The trusts may continue to exist after the deeds are vested.
The Trusts were vested in 1998 and 1991, after each child turned 30. After this, however, the trusts were treated as if they have not vested for the next 30 years and the question for the Court was whether the Trusts continued on existing after the vesting date.
The Court held that the Trusts did not immediately cease to exist and that the assets continued to be held on the same trusts and on the same terms after vesting.
Amendments to trusts may still result in the continuation of the original trust as long as the variation powers permit such amendments and the proposed amendments do not destroy the substratum of the trust.
The key question here was whether the amendments in the 1991 deed resulted in the continuation of the trusts or created new trusts altogether.

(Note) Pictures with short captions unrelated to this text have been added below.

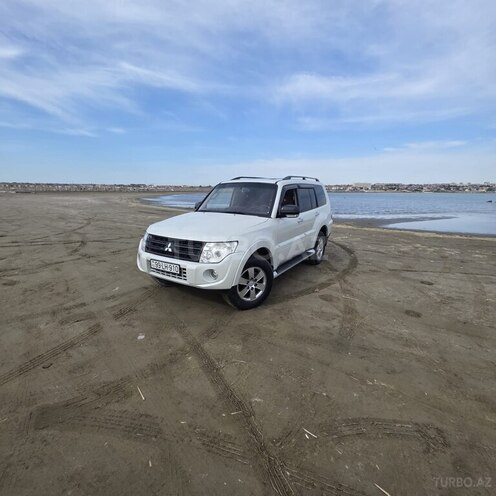 Mitsubishi Pajero-4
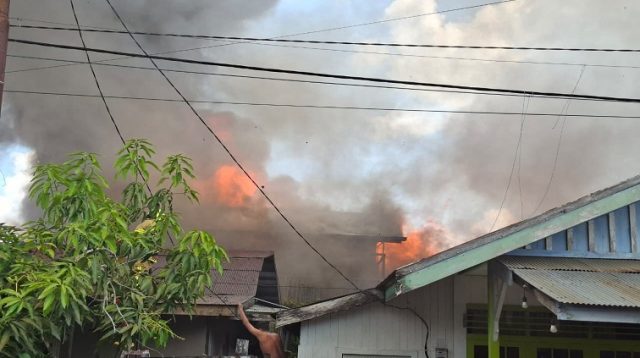 Kobaran Api melahap pemukiman warga Gang 9, Kel. Timbau, Sabtu (8/8/26). (Dilla/lingkarkaltim)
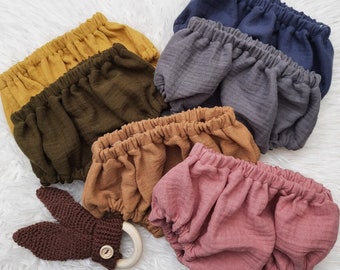 Bloomers or bouffant panties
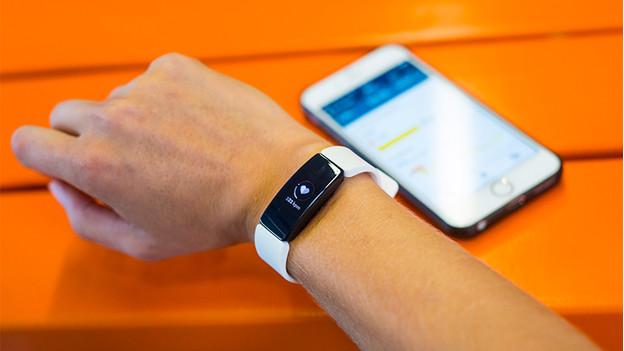 De Fitbit app houdt je hartslag bij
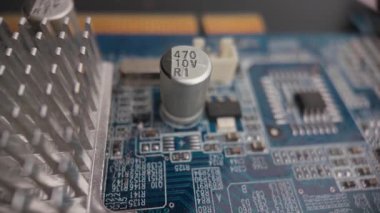 Elektronik devre kartının makro yakın plan görüntüleri, kondansatörleri, basılı yolları ve teknoloji, donanım ve mühendislik görselleri için bileşen detaylarını gösteriyor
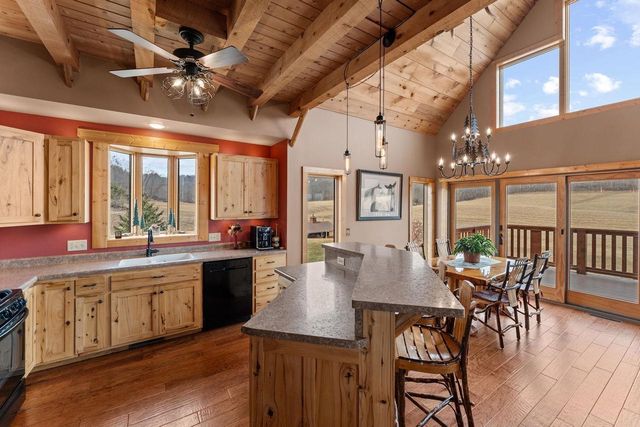 E7748 Mill Road, Spring Green, WI 53588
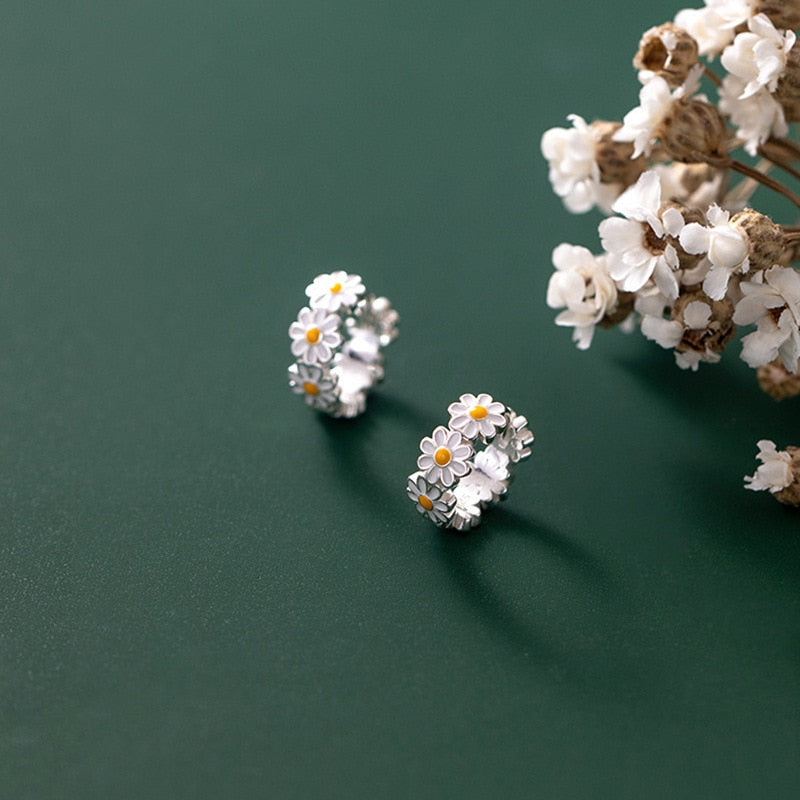 Peris Gems 2 Cute Daisy Flower Hoop Earrings for Women | Flower Earrings Collection Cute Daisy Flower Hoop Earrings for Women | Flower Earrings SHEIN Amazon Temu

The power of amendment in the 1977 deeds was broad and permitted variations contained in the 1991 deeds. Further, the amendment was made in conformity and promoted the purposes of the trusts and the substratum of the trusts. The substratum of the Trusts was to benefit the Valentini family and create a tax effective mechanism for spreading the income of the family enterprise, and the 1991 Trusts purported to benefit the members of the same family and widen that class. Thus, the 1991 amendments were constituted as valid.
This ultimately gives practitioners much greater flexibility when the need arises to make alterations to a trust deed without creating a new trust deed.
Key Takeaways:
- If the corporate trustee is not registered when the deeds were executed, the trusts may be valid.
- A property may be transferred to the corporate trustee in the absence of an express, signed declaration of trust if there is supporting documentation.
- A trust can continue to exist even after the vesting date.
- Amendments to the trust may continue the original trust provided that the variation powers allow those amendments and do not destroy the substratum of the original trust.